XML and SAX--New Capabilities for C++ Programmers

By: Kenn Scribner for Visual C++ Developer


Download the code

Background: As I was writing the XML series, Microsoft released a new version of MSXML with SAX support--very cool stuff if you're into XML, as you can do things with SAX that are lightning fast when compared to the DOM (for some applications...both SAX and DOM are important and have their respective places in the XML processing tool lineup). This article introduced SAX and offered my attempt at SAX ATL support (which surprisingly even seems to work).

XML and SAX--New Capabilities for C++ Programmers

If you haven't already downloaded the latest in Microsoft XML parser technology, visit msdn.microsoft.com/downloads/webtechnology/xml/msxml.asp. Here you can download the new parser and its SDK (header files, libraries, documentation, and so on). It's free for the cost of the bandwidth...

The May 2000 XML parser release
The May 2000 XML parser release extends the March 2000 parser release by incorporating four additions:

• Bug fixes (a complete list of these can be found at msdn.microsoft.com/workshop/xml/general/msxml_buglist.asp)

• Enhanced XSLT/XPath support

• Additional DOM (document object model) interfaces, primarily for XSLT, XPath, and schemas

• SAX support

The references to XPath and XSLT can be thought of collectively as "XSL," if you read my April article (Part 2 in this series). XSL itself has been decomposed into several constituent technologies, and this version of the DOM parser better supports those individual pieces. XPath is the part of the XSL language that deals with data manipulation, document traversal, and node matching expression evaluation. XSLT is the piece of XSL that transforms the XML document into another form, usually a different XML representation or into HTML for display using a style sheet you provide (you might remember the transformNode() method from April's article). This edition of the parser strengthens the separation of these two technologies, mirroring the direction of XML itself, while at the same time adding functionality to both to the benefit of each. You can read more about these technologies specifically at www.w3.org/Style/XSL.

The XSLT and XPath additions are terrific, and if you're into Web development, you'll no doubt be impressed with the new capabilities. And we all applaud bug fixes! But I find the most exciting addition by far to be the new SAX support that's built into the parser. Let's see what SAX is all about, and then I'll provide an ATL-based sample for you try on your own.

The simple API for XML
If you step back for a moment and look at an XML document, you can easily see the hierarchical nature expressed in the XML itself. That is, XML documents can easily be represented in the form of a tree. I described this in my April article introducing you to the XML DOM.

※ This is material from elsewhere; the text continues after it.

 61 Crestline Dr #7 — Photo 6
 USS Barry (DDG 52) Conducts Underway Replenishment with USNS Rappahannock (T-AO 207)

In April, to reiterate, I used this example XML document to show the hierarchical nodal relationships:

<?xml version="1.0"?>
 <myxmldoc>
    <title>Basic XML Markup</title>
    <greeting>Hello, World!</greeting>
 </myxmldoc>
 

Graphically, this XML document (albeit a simple one) can be represented as you see in Figure 1.

This natural document structure gives rise to the XML DOM, which formalizes the arrangement of nodes and node types. If you'd like to brush up on the DOM and how to parse an XML document as DOM nodes, please refer to my April article.

But there's another way to view this XML document, at least if you're a finite state machine. Imagine for the moment that your task in life is to read text streams for XML information, and anytime you come across something you recognize, you send a note to your boss. In this case, assume you were handed the XML document I just presented, character by character.

The first character you'd see is the opening tag bracket (<). You recognize this as an opening tag, so you interpret characters as a tag until you see the closing bracket (>)—at least for purposes of this illustration. In this case, you first interpret the initial processing instruction <?xml version="1.0"?>. Since you recognize this as an XML processing instruction, you send a note to your boss to this effect. Then you interpret the document element <myxmldoc>, followed by the rest of the document's information.

The point of this illustration is two-fold. First, you don't see the data as hierarchical. The data, from your point of view, is merely a stream of characters to which you apply XML rules. You look for opening tags, closing tags, and general XML data (you can also validate the XML data as it comes to you by using a provided schema or DTD, although not with this particular release of the SAX parser). The second point is that you send notifications to some interested party when you discern items of interest, such as XML processing instructions, tags, and so on. In more formal terms, you're implementing (or at least imagining) an event-driven parser, also known as a push parser.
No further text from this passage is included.